基本问题是由基本概念构成的关系,因而,自然内在包含着基本概念之间各种可能的基本关系。对基本问题中不同基本概念间可能基本关系的揭示,将形成以基本问题为核心的逻辑体系,这样的逻辑体系,实质上就是关于基本问题来源对象领域的理论体系、知识体系,自然也是关于来源对象领域的思维体系和解释体系。
因而,从原则上说,对于一个有机问题系统来说,也即对于一个相关的实际领域系统来说,有什么样的基本概念,就有什么样的基本问题,有什么样的基本问题,就有什么样的基本理论体系。
3.基本问题的特征
按照上文关于基本问题内涵及基本问题结构的理解,可以说,基本问题的总体特征,就是它相对其他非基本问题的“根本性”。关于基本问题的“根本性”,可以做出以下一些更为细致的分析和解释。

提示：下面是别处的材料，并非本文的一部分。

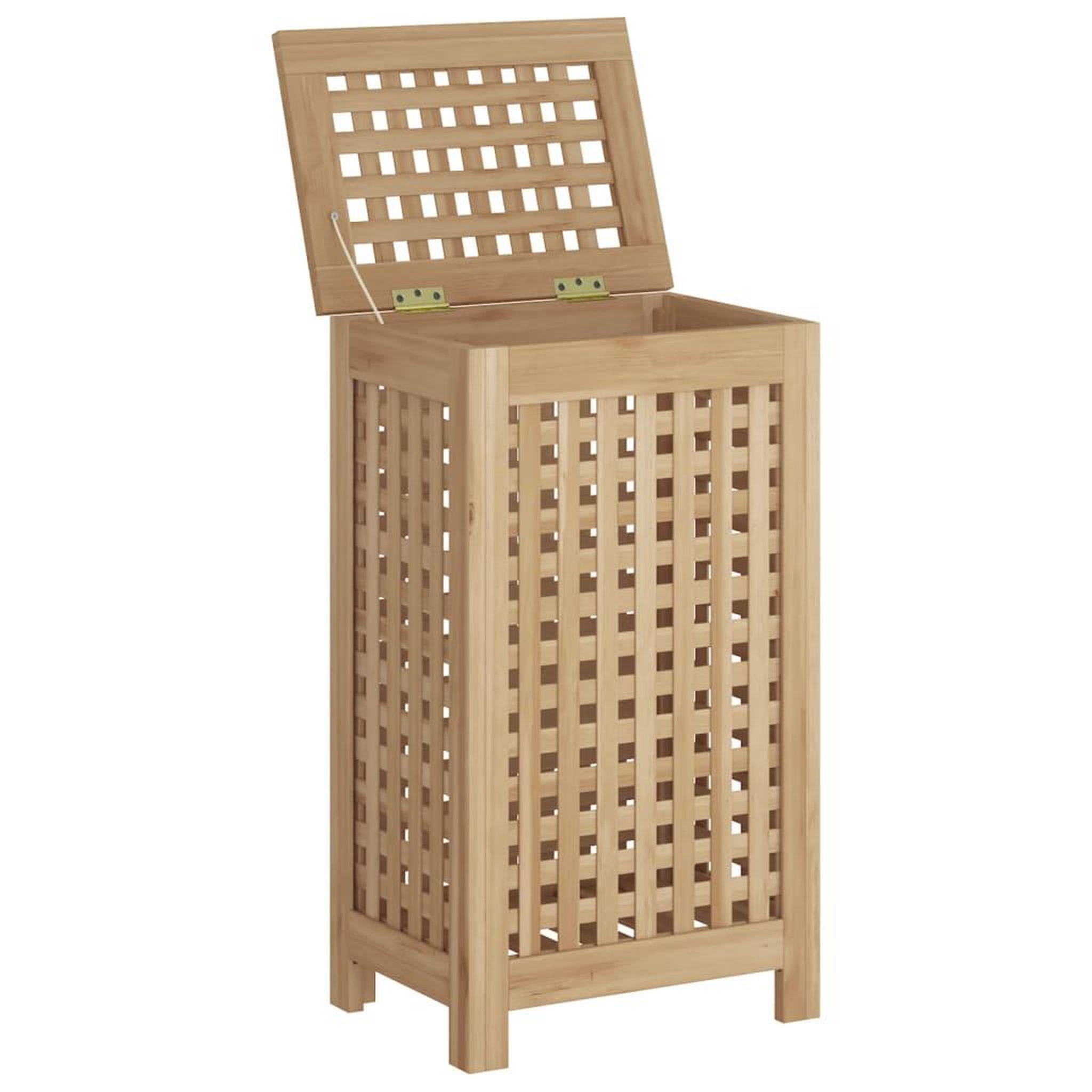 Voir la diapositive 2 : VIDAXL Bac a linge 35x25x60 cm bois de teck massif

其一,基本问题是一个有机问题系统中的根源性问题。这就是说,基本问题是“源”问题,其他问题是“流”问题,基本问题是“本”问题,其他问题是“末”问题,非基本问题都是从基本问题衍生、派生、延伸出来的,“基本问题”与“非基本问题”构成一种“源流关系”、“本末关系”。基本问题与非基本问题的关系是内在的,而非外在的,这意味着,对基本问题的解释,将决定着对非基本问题的解释。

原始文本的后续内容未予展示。